This was what they were playing for the last four days in succession; a little silver trophy kept on top of a rickety wooden table draped over in blue satin cloth at the sidelines of Feroz Shah Kotla. The players managed a brief photo-op, both team pictures and individual ones before it went back into the case for his journey back to Mumbai BCCI office. Till next year to a different destination; and hopefully not in an altogether rejigged concept again.


Perhaps, the players were rather more eager, and interested, playing for their respective berths in one of the many teams that MSK Prasad-led selection committee chose last night to tour Australia and New Zealand over various formats. With no berths and just photo-ops at stake, the players broke open the shackles, and shrug away the disappointments, to entertain with some breath-taking strokeplay on a pitch that showed extra sturdiness to support their skills.


India C emerged the new champions of Prof DB Deodhar Trophy, avenging their league game loss to India B with a 29-run win in the final that witnessed 675 runs aggregate in 96 overs of play on Saturday. In a tournament that witnessed just 1 century over three games, saw three in one day itself — two coming from respective captains of the side.


Shreyas Iyer outscored Ajinkya Rahane by hitting 148 from 114 with 8 sixes and 11 boundaries as compared to his senior Mumbai counterpart’s steady unbeaten 144 but still couldn’t pull his side over in a single-handed effort.


The day’s story started with Ishan Kishan, batting in typical Test match format, showing a dead bat to most deliveries angled on his body and left anything that way pitched outside. Ishan gobbled up 32 balls for his first 6 runs with the bat and then struck a six to switch over to T20 mode. Ishan was severe on the spinners — Gowtham, Manoj Tiwary, Shahbaz Nadeem and Mayank Markande — to reach his century in blistering style, off just 75 deliveries and was eventually dismissed for 114 off 86, having belted 6 sixes and 11 boundaries.


Rahane, at the other end, was brisk in the initial overs by his own standards and looked determined to convert his first start of the tournament into three figures. He managed to do that twice, literally, after a scoring goof-up between official scorers, television scorers and ground scoreboard reflected a difference of three runs in between. Rahane first celebrated his ton to acknowledge the crowd who reacted to the ground scoreboard, and three runs later, raised his bat towards the dressing room to ‘officially’ register his hundred.
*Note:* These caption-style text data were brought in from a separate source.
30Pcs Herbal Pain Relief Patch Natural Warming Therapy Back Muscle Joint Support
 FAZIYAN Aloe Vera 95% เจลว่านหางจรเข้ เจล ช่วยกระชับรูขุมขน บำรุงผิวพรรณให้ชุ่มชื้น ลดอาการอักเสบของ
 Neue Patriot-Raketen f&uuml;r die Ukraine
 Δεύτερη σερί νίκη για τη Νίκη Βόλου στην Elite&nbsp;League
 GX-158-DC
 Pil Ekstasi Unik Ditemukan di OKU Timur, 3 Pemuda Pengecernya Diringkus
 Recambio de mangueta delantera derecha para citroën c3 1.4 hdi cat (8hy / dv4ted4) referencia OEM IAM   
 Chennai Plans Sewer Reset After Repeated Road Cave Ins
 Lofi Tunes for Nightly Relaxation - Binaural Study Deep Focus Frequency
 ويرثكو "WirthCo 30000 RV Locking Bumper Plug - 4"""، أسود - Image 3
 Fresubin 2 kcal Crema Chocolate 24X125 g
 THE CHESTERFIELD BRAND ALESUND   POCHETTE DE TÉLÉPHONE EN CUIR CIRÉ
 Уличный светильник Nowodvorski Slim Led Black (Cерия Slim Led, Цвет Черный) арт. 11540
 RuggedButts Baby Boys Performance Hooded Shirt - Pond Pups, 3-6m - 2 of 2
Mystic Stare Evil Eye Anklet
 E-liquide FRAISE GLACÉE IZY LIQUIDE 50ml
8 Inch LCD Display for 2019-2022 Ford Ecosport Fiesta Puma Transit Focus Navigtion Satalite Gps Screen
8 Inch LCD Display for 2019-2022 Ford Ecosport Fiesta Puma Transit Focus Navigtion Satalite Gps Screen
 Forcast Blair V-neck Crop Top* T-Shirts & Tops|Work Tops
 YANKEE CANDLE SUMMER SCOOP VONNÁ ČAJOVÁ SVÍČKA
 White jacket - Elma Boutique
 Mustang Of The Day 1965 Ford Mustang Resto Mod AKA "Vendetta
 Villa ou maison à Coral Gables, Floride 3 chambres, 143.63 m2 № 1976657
Rahane’s knock was overshadowed by Ishan at the start and later by Surya Kumar Yadav’s towering hits but the India C skipper was more content to carry his bat through the innings. But it was Yadav’s clean hits that provided impetus to the total to barge past 350-mark and punctured Markande and Chahar’s analysis beyond repair. Yadav hit 4 sixes in total on way his 18-ball 39 and divided his runs equally on either side of the wicket. Jaydev Unandkat was the only bowler from India B to return satisfied into the dressing room at lunch, picking up three wickets and conceded just 52 to return ‘economical’ in his 10 overs.


India B’s response showed the required aggression, with Shreyas Iyer leading the charge along with Ruturaj Gaikwad to add 116 runs for the second wicket. Iyer reached his fifty almost run a ball — in 51 balls to be precise — playing second fiddle to Gaikwad but took over the baton in the middle overs. Iyer played his part even as Gaikwad, Hanuma Vihari and Manoj Tiwary fell in the span of just 4 overs. Bowlers on either side, especially spinners, bore the brunt of the mighty bat but there were exceptions like Pappu Roy.


Roy flighted his deliveries well to deceive the batsmen in the air and was rewarded with 3 wickets for 75, despite a bit of shoddy work in the outfield off his bowling to spoil his overall figures and a no-ball from Vijay Shankar to provide a reprieve to Iyer. He made the most of it with some crisp shots in front of the wicket to take the match deep and get to his century from 80 balls as well.


India C was forced to rearrange their plans to survive a slight scare with Deepak Chahar and Iyer’s lusty hits but eventually skipper Ajinkya Rahane managed to close out the victory, restricting opponents to 323 to defend his team score of 352.  For a small photo session; and then, a quick flight home to be back in Delhi again, this time for Ranji Trophy.